東北大学発の電子技術「スピントロニクス」を用いて、同じ消費電力で従来の100倍以上の演算性能を持たせることができる新たなスピントロニクスを用いた新たなAIプロセッサやメモリを開発している。5GやAIが登場し人々が扱うデータが膨大になる中、あらゆる電子機器の基盤を変え、桁違いに性能を向上させうる革新的な技術として世界中から注目を浴びている。
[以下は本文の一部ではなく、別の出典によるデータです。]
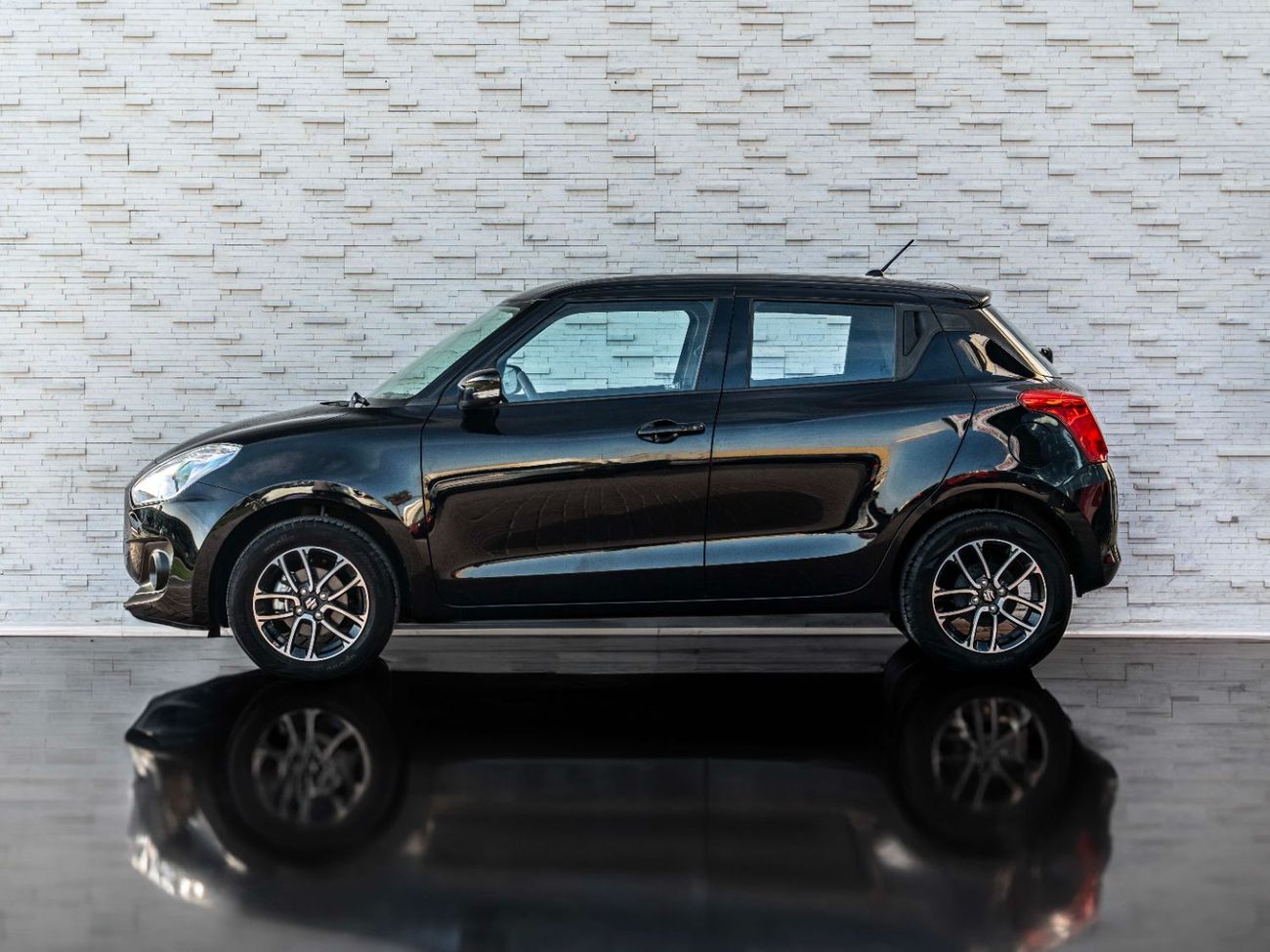 سوزوكي سويفت GL 1.2L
パソコンやスマホなどをの性能を桁違いに向上させる新技術
東北大学の大野英男総長が世界をリードする研究を続けてきた「スピントロニクス」は、電子の回転で発生する磁気の向きを利用して記憶や演算を行う技術だ。パワースピンのCTOを務める半導体研究の第一人者・工学研究科の遠藤哲郎教授はこの技術を半導体集積回路のメモリからプロセッサに用い、さまざまな電子機器の性能を桁違いに向上させる基盤技術として社会実装を進めている。
例えば現在のコンピューターは電源を落とすとCPUやメモリのデータが消えてしまうため常に通電させる必要があり、動作していないときも大きな待機電力が発生している。スピントロニクスを用いた「不揮発性メモリや不揮発性プロセッサ」では電源を切ってもデータが残るため、動作に必要なときだけコンピューターがオンになり、不必要な待機電力を大幅に節約することができる。
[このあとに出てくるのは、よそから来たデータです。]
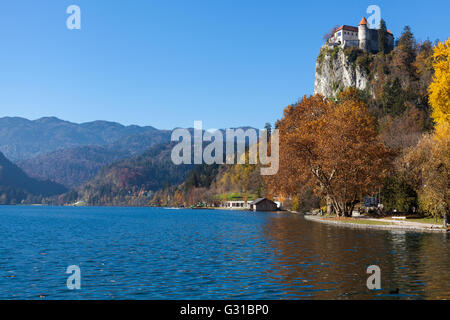 Le Château construit au sommet d'une falaise surplombant le lac Banque D'Images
消費電力が抑えられればその分、演算能力の性能を高めることができる。遠藤教授は「例えば今1日1回充電が必要なスマホは、不揮発性メモリや不揮発性プロセッサを用いることで電池の持ちが100倍になり、3カ月に1度の充電で済むようになる。この充電の頻度が1週間に1度でいいのなら、その分性能を10倍に上げることができる。このように、これまでの消費電力と演算性とのジレンマを解決することができる革新的技術がスピントロニクスなのです」と語る。
大量データ時代のあらゆるIoTデバイスへ搭載
15年ほど前から大野教授の元でスピントロニクスを学び、半導体集積回路への活用を研究してきた遠藤教授。2013年に発足した東北大学の「国際集積エレクトロニクス研究開発センター(CIES)」でセンター長に就任し、民間企業と連携して共同研究を進めてきた。「民間企業とのネットワークができ、この技術が基礎研究にとどまらず、市場まで見えてきた」と2018年、遠藤教授の国家プロジェクトの研究でプログラムマネージャーを務めていた 政岡 徹 氏を代表に迎え「パワースピン」を設立した。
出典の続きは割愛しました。